As you’ve seen me say in videos (and as we will talk about more later this semester), well formatted code is not just about making your code pretty—humans are visual creatures, so the more consistently your code is formatted, the more easily your visual pattern-recognition systems will be able to notice problems. So please format your code!

That goes for long strings, too, by the way. Black won’t split a long string into multiple lines automatically, but if you split your string, then long enough strings will get split onto multiple lines during formatting:

# As a too-long string:
x = "Hello Everyone! My name is Nick Eubank and I'm a professor here at Duke University."
x
"Hello Everyone! My name is Nick Eubank and I'm a professor here at Duke University."
# Now if I add a break in the middle, it'll be formatted into
# two lines without changing the actual content of the string:

x = (
    "Hello Everyone! My name is Nick Eubank and"
    " I'm a professor here at Duke University."
)
x
"Hello Everyone! My name is Nick Eubank and I'm a professor here at Duke University."

Other Odds and Ends#

  • Comment Your Code: As you can see from the example above, even in notebooks (where a lot of what you want to communicate will end up in markdown cells), you can/should still comment your code!

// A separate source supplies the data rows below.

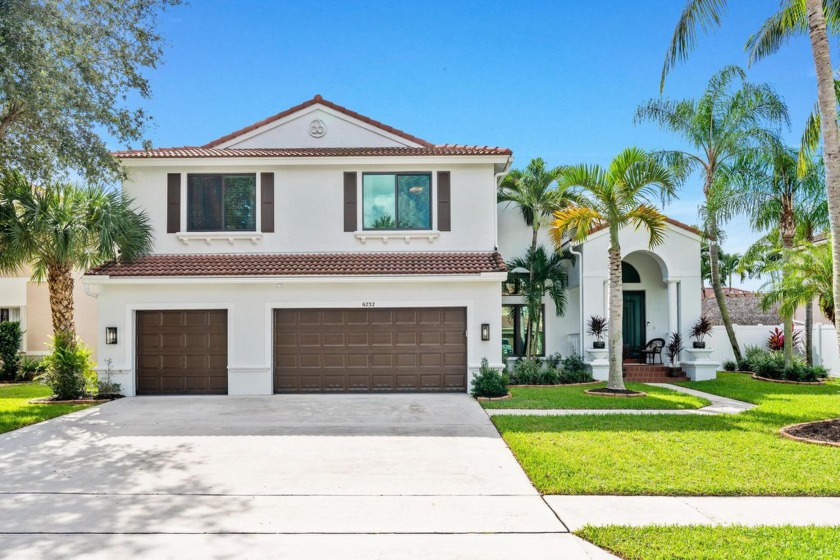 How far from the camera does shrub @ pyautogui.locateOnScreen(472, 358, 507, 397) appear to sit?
13680 millimetres

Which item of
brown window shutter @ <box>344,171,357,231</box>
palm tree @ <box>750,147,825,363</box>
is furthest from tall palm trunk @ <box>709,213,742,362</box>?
brown window shutter @ <box>344,171,357,231</box>

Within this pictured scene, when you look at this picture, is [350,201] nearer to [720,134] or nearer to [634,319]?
[634,319]

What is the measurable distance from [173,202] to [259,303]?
375 cm

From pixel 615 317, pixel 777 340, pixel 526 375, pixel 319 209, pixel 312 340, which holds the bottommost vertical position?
pixel 526 375

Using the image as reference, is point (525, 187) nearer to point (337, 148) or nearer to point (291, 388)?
point (337, 148)

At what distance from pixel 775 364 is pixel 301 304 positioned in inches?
547

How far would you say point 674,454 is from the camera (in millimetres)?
8359

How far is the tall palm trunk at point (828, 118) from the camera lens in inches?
379

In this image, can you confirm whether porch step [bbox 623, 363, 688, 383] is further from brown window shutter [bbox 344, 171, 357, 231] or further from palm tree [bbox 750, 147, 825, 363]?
brown window shutter [bbox 344, 171, 357, 231]

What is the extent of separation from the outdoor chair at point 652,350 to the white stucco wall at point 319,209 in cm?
670

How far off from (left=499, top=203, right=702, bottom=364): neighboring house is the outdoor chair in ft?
0.88

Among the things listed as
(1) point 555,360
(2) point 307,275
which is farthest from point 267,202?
(1) point 555,360

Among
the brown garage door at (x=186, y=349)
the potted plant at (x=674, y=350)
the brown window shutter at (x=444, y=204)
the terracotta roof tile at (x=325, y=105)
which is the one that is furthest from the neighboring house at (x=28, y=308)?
the potted plant at (x=674, y=350)

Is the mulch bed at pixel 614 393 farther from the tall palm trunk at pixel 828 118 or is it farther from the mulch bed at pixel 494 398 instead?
the tall palm trunk at pixel 828 118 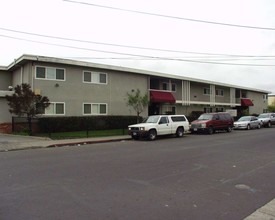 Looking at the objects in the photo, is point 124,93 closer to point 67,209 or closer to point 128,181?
point 128,181

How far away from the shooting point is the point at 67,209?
5531 mm

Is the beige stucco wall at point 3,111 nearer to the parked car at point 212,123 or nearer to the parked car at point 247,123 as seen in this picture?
the parked car at point 212,123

  • Restart and Re-Run Your Notebook: No one should be submitting notebooks with cell execution counters (those little numbers to the left of your code cells) that are in the high double digits or, god forbid, triple digits. Before submitting your notebook (and honestly any time you’ve been monkeying around a lot while you’re working) you should Restart your notebook and click Run All.

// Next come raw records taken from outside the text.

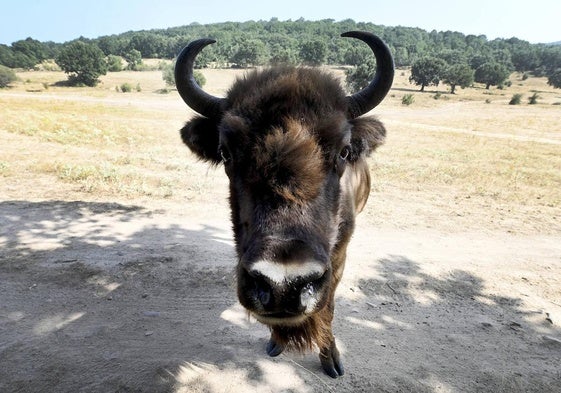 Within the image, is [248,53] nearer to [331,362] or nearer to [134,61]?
[134,61]

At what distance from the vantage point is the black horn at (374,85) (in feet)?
14.1

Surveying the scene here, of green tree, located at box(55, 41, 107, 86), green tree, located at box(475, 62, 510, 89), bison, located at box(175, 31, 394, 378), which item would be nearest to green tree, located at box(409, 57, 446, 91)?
green tree, located at box(475, 62, 510, 89)

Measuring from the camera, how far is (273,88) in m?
3.71

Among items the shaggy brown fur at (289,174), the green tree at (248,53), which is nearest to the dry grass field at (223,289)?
the shaggy brown fur at (289,174)

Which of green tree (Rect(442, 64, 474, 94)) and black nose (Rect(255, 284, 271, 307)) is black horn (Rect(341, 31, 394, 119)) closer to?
black nose (Rect(255, 284, 271, 307))

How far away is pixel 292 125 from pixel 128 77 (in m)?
104

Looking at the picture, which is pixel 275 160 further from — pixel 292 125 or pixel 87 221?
pixel 87 221

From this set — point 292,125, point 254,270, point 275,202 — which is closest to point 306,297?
point 254,270

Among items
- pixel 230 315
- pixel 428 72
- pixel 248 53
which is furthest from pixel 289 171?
pixel 248 53

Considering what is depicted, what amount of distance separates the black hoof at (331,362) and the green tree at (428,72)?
89.2m

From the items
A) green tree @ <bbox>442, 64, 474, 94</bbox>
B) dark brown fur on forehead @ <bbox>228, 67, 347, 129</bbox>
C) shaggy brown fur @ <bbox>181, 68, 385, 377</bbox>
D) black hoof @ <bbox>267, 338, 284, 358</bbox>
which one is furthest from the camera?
green tree @ <bbox>442, 64, 474, 94</bbox>

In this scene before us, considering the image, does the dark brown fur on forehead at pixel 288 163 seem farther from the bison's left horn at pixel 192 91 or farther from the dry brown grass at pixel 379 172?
the dry brown grass at pixel 379 172

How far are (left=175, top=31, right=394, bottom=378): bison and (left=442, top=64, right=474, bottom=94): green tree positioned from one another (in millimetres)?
91223

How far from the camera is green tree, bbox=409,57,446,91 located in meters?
84.2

  • Don’t leave in spaghetti output: Sometimes when we’re writing our code will do things like print out 40 lines of a DataFrame, or all the column names in a massive dataset. That’s fine while you’re working, but don’t leave that output there for your reader—no one wants to flip through three pages of column names to get back to actual content they care about!

Some Examples#

I don’t want to give away solutions to this or other MIDS classes, so I don’t have a ton of notebooks to share, but here are a couple good example notebooks (all shared with permission):

Homework Grading#

Moving forward, here is an approximate rubric for homeworks:

A (0.95):

All of the following is true:

  • There are no significant errors in the code/analysis.

  • The document is well-formatted and everything the authors are doing are coherently communicated.

  • Numbers are presented in context, and with interpretation where appropriate.

  • All code is well-formatted.

B (0.85):

One of the following is true:

  • There are some significant errors in the code/analysis,

  • The document is not well-formatted / some of what the authors are doing is not coherently communicated,

  • Some numbers are presented without context, or without interpretation where interpretation would have been appropriate.

  • The code has significant formatting errors.

C (0.75):

Two of the conditions for a B assignment are true.

(Grades above an A (e.g. above 0.95), or below a C are possible where deemed appropriate by graders.)